Data to process:
════
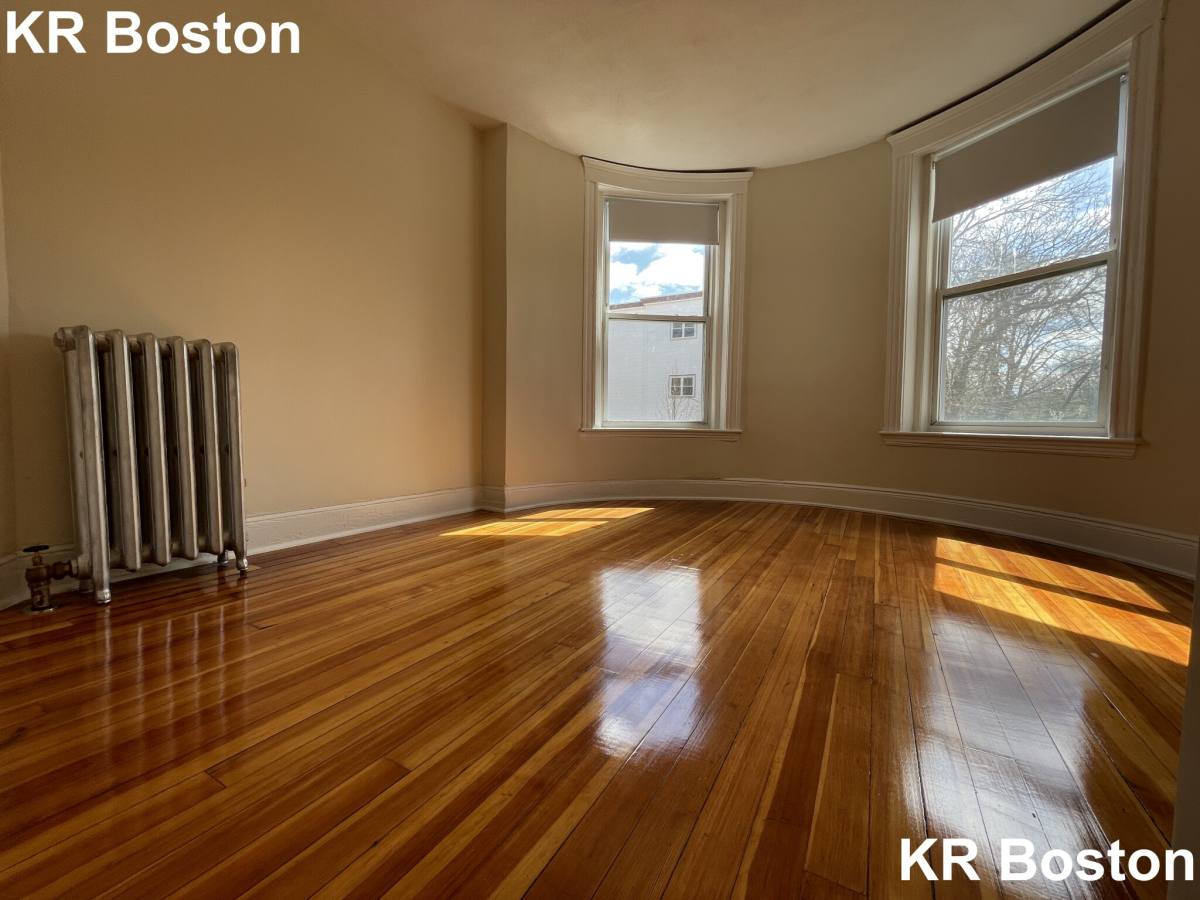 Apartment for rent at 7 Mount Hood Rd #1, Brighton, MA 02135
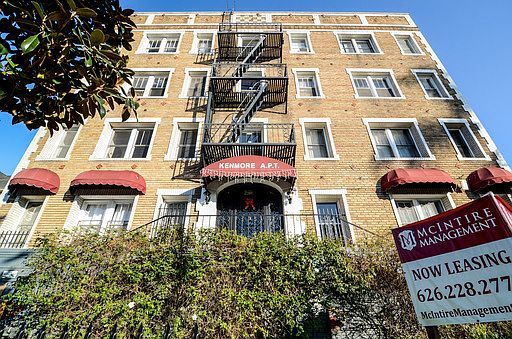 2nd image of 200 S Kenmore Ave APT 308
════
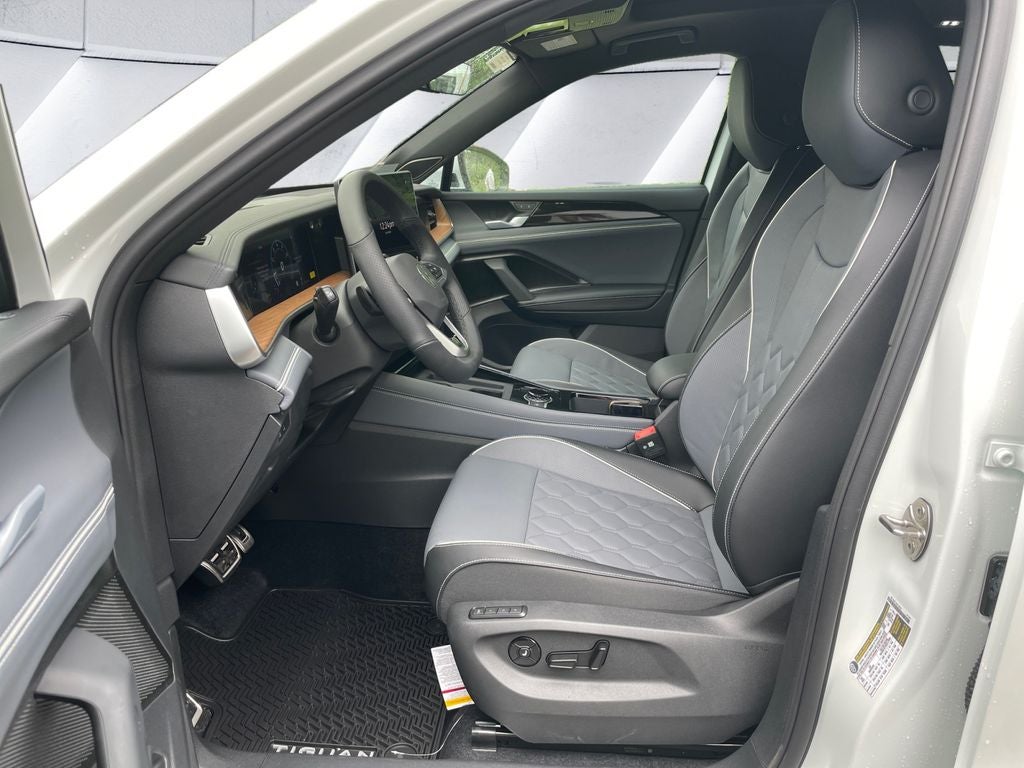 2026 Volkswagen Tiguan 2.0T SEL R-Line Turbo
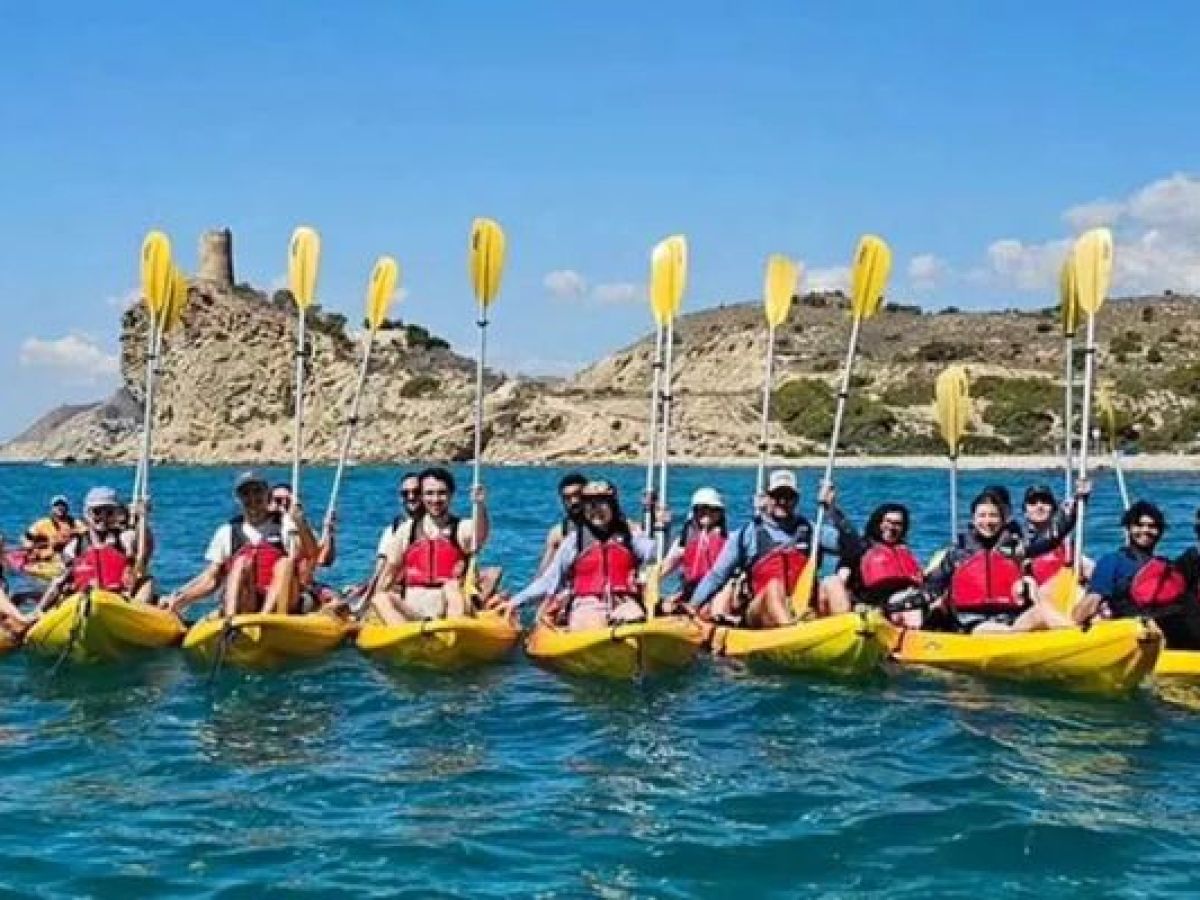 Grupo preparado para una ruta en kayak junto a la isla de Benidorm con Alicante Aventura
════
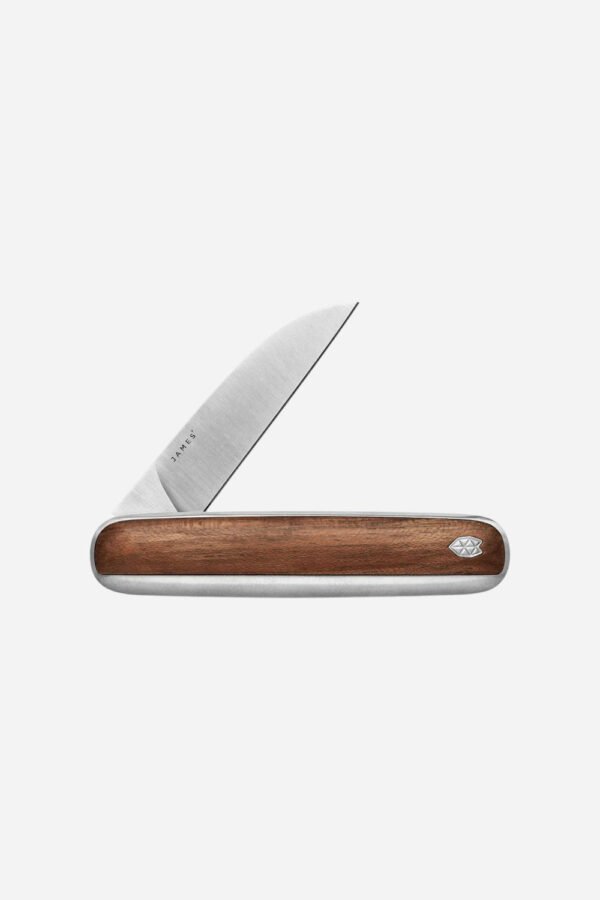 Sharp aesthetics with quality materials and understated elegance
════
Task prompt:
What do the entries above read from the line containing "2026 Volkswagen Tiguan 2.0T SEL R-Line Turbo" through the line containing "Grupo preparado para"? Output those lines exactly, both ends included, with the pictures left out.

Problem solution:
 2026 Volkswagen Tiguan 2.0T SEL R-Line Turbo
 Grupo preparado para una ruta en kayak junto a la isla de Benidorm con Alicante Aventura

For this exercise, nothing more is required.